Having found the line containing "May include: A" in the records below, copy that line and each later one exactly, dropping pictures.
AVAILABLE DATA Block Start
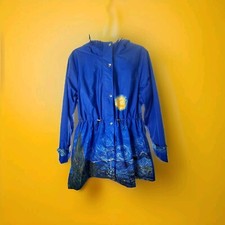 Euc Unique Galleria Van Gogh Starry Night Hooded Jacket/rain Coat (l)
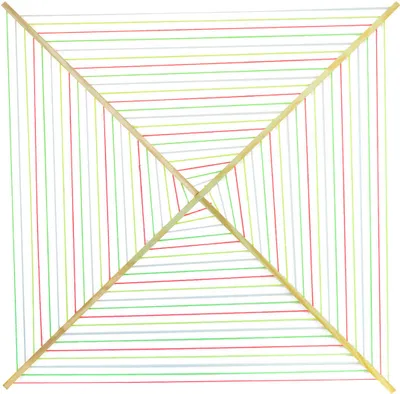 Produktbild von PSYWORK Schwarzlicht 2D StringArt Fadendeko Hypnotic Neon II, 90cm UV-aktiv Neonparty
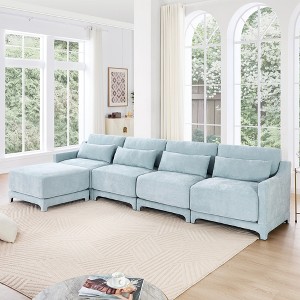 ModernLuxe Chenille Fabric Sofa with Ottoman & Lumbar Pillows, Ergonomic Sofa Couch for Living Room/Bedroom, Beige/Sky Blue/Green (2-4 Seats) - 1 of 4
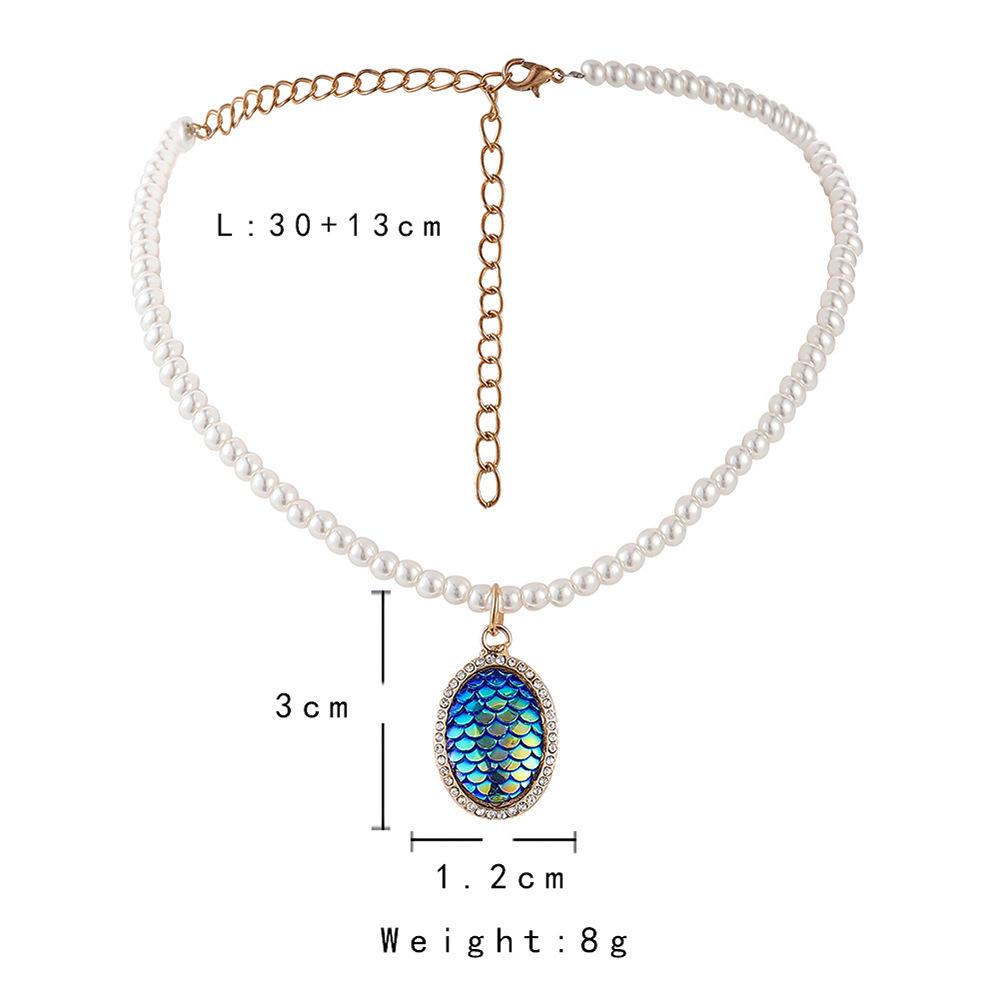 Sexy Retro Mermaid Scale Pendant Fashion Fashion Elegant Temperament Cold Pearl Necklace
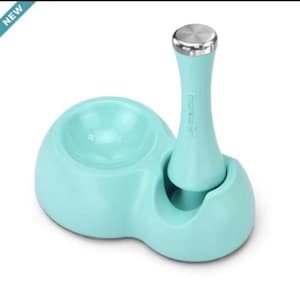 May include: A light blue ceramic pet food and water bowl set with a raised water dispenser. The dispenser has a stainless steel top and the text "Elevated" printed on the side.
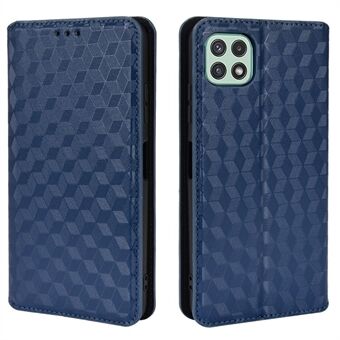 All-round beskyttelse Læder telefontaske Anti-ridse 3D Rhombus Imprinting Stand Wallet Shell til Samsung Galaxy A22 5G (EU-version)
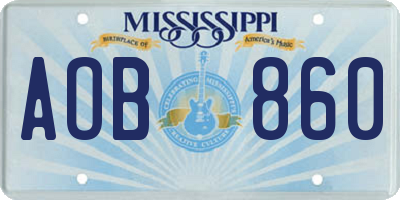 MS license plate AOB860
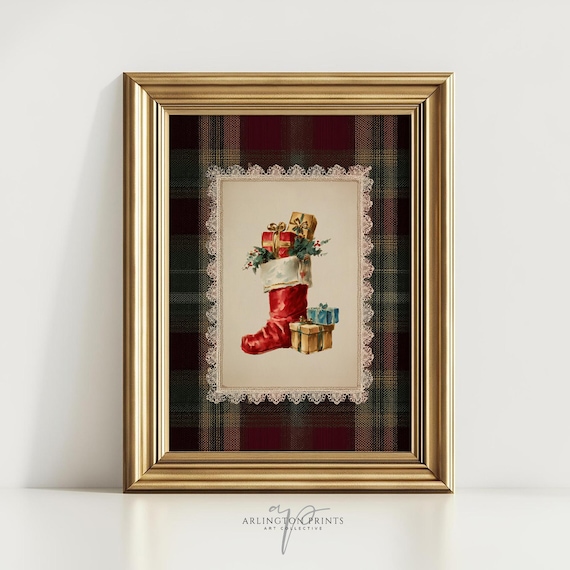 Vintage Classic Plaid Christmas Stocking Rustic Holiday Wall Print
AVAILABLE DATA Block End
- **SOLUTION TO THE PROBLEM**
 May include: A light blue ceramic pet food and water bowl set with a raised water dispenser. The dispenser has a stainless steel top and the text "Elevated" printed on the side.
 All-round beskyttelse Læder telefontaske Anti-ridse 3D Rhombus Imprinting Stand Wallet Shell til Samsung Galaxy A22 5G (EU-version)
 MS license plate AOB860
 Vintage Classic Plaid Christmas Stocking Rustic Holiday Wall Print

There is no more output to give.